Nytelife26 · 2024-05-13T16:08:07Z

proselint/tools.py

+    if ignore_case:
+        permitted = set([word.lower() for word in list])
+        allowed_word = functools.partial(
+            _case_insensitive_allowed_word, permitted)
+    else:
+        permitted = set(list)
+        allowed_word = functools.partial(
+            _case_sensitive_allowed_word, permitted
+        )


if my previous comment is followed, this can also be simplified.

Suggested change

if ignore_case:

permitted = set([word.lower() for word in list])

allowed_word = functools.partial(

_case_insensitive_allowed_word, permitted)

else:

permitted = set(list)

allowed_word = functools.partial(

_case_sensitive_allowed_word, permitted

)

permitted = set([word.lower() for word in list] if ignore_case else list)

allowed_word = functools.partial(

_allowed_word, permitted, ignore_case=ignore_case

)

Oh, actually I missed your set-conversion tweak... hm, that feels a bit "fun" to parse (for humans), compared to:

if ignore_case: permitted = set([word.lower() for word in list]) else: permitted = set(list)

I'm open to it, just not sure it's necessary to make future code readers work that hard.
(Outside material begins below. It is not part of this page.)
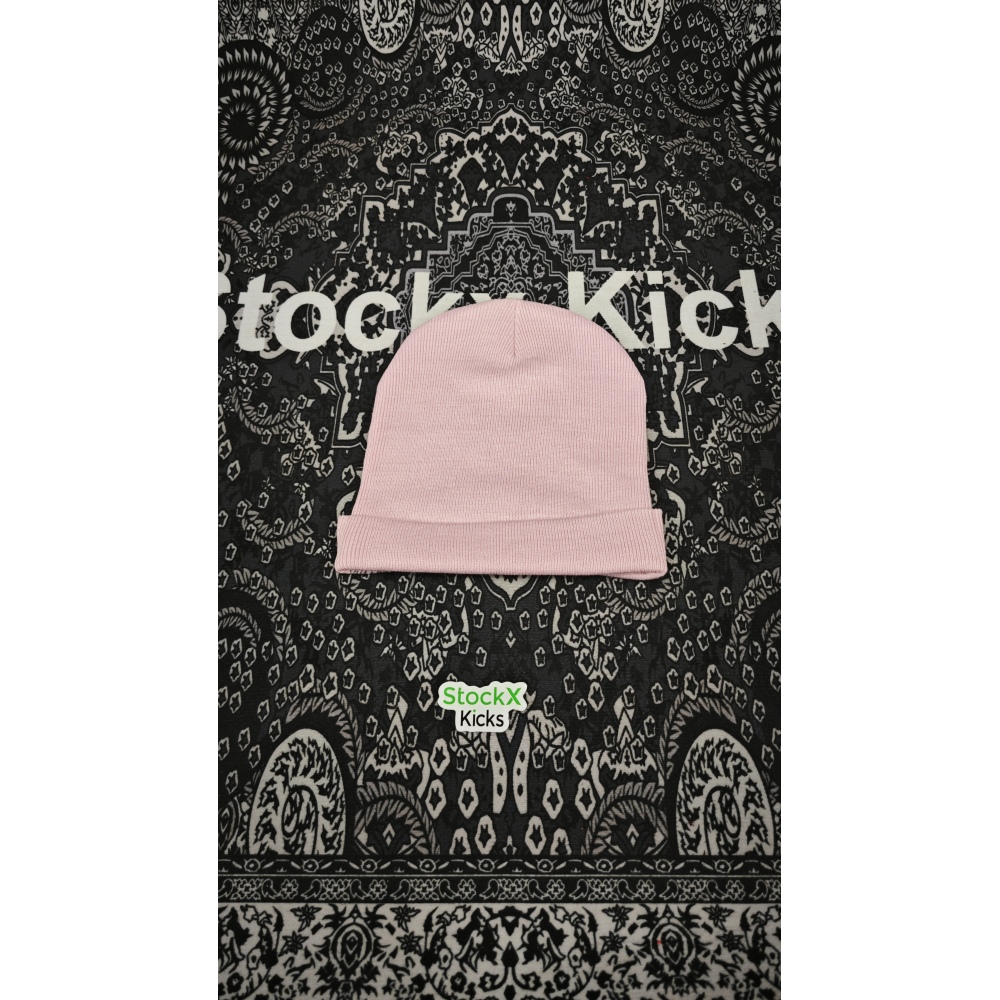 Sp5der Web Beanies Black/Brown/Purple/Pink/Green/Orange EG80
Thoughts?

i have never really considered the readability of inline if statements for Python programmers, i just know ternaries are a popular construct in other languages i use, like Rust and TypeScript. additionally, ruff has a rule (derived from flake8-simplify) that prefers ternaries, so i would imagine they're not uncommon in Python as well. without any kind of data on how readable people find them, i can only go by convention.

I tend to reserve them for situations where there's no other choice, like in list comprehensions. (Which can be downright squirrely to read under any circumstances; see my last commit that adds some indentation to try and make my whopper at least semi-readable.) I guess it all comes down to personal comfort; I know people who dislike code like this:

if something: return one thing return the other

...and always want the explicit else: in there. And then OTOH there are linters that will flag the explicit else: as unnecessary (which of course it is, technically).

¯\_(ツ)_/¯

in some cases i might even use a ternary on the return for the example you just gave, actually. however, we won't do that here. i think we should use a ternary for the highlighted block here, and then when i sort out the refactor i'll see what ruff thinks.

The fact that it baaarely fits in 80 columns makes me indifferent to it, so sure. Done.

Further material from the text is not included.